Problem statement:
Range to repeat from the listing below: the line containing "Young woman sleeping" down to the line containing "Beautiful young female", both included. Copy it exactly, pictures excluded, and add nothing else.

Record set:

::::::::::

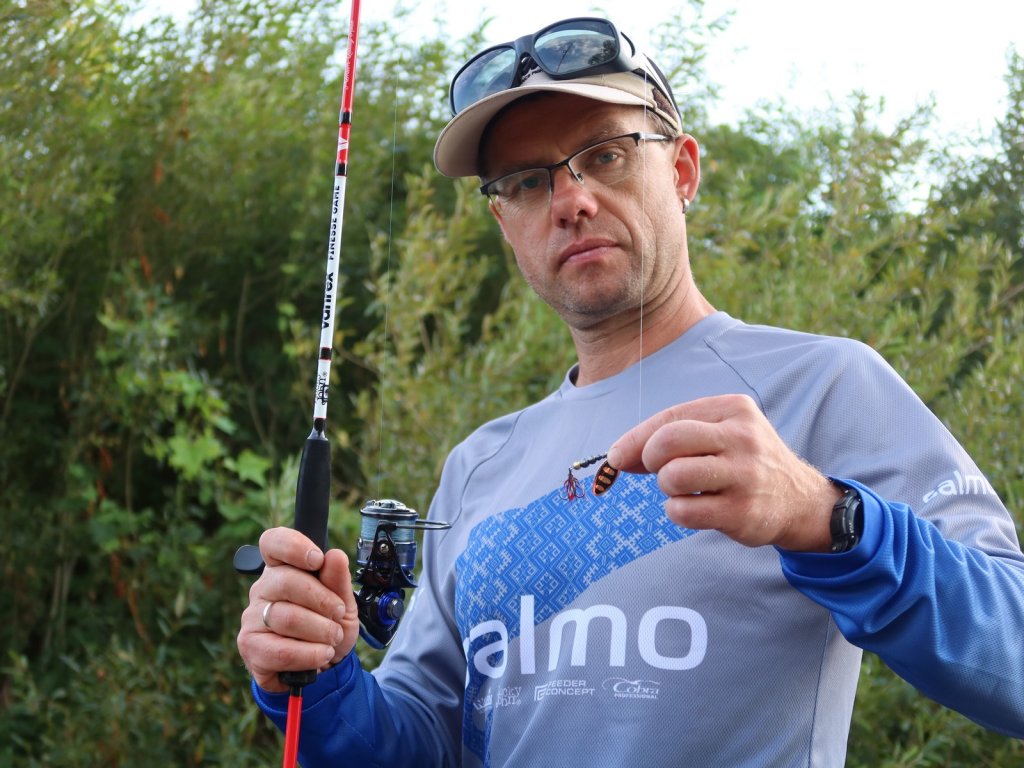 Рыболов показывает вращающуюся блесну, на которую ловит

::::::::::

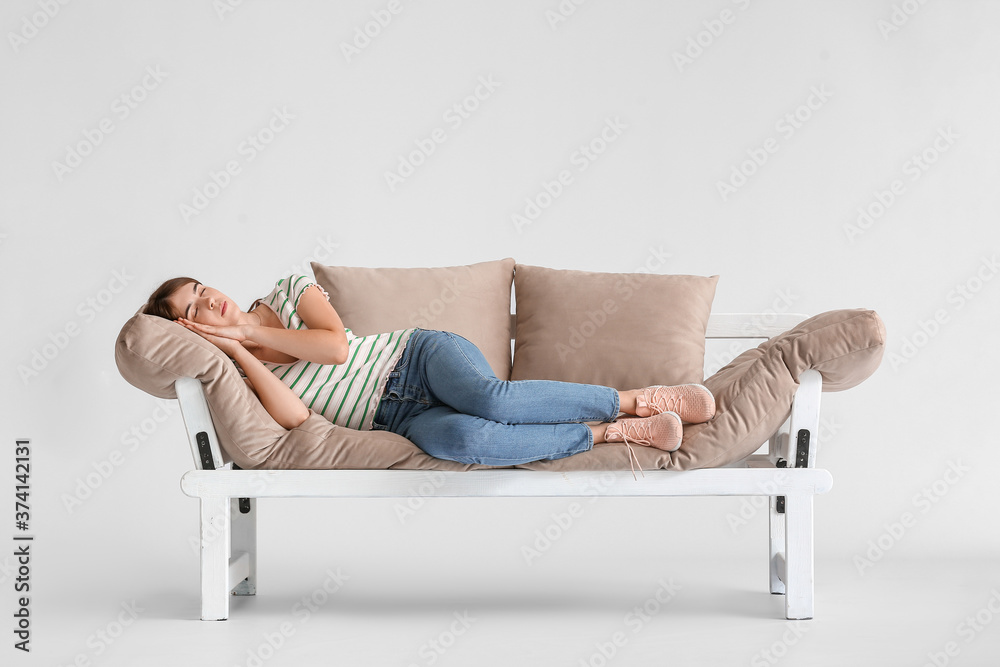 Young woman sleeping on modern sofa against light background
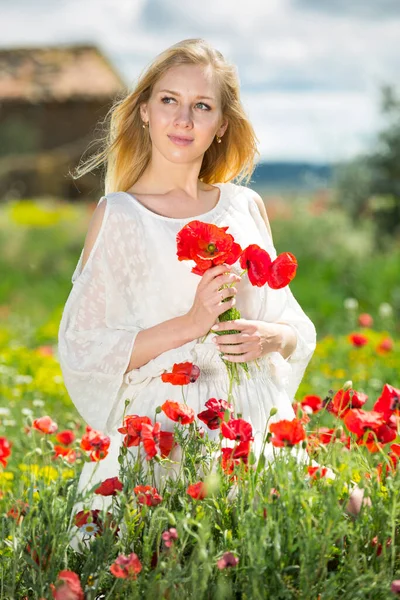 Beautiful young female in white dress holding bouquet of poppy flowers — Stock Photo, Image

::::::::::

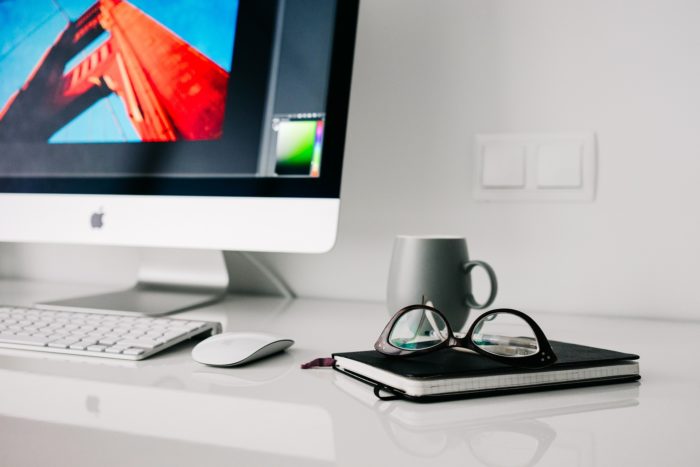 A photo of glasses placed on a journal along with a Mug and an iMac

::::::::::

Solution below:
 Young woman sleeping on modern sofa against light background
 Beautiful young female in white dress holding bouquet of poppy flowers — Stock Photo, Image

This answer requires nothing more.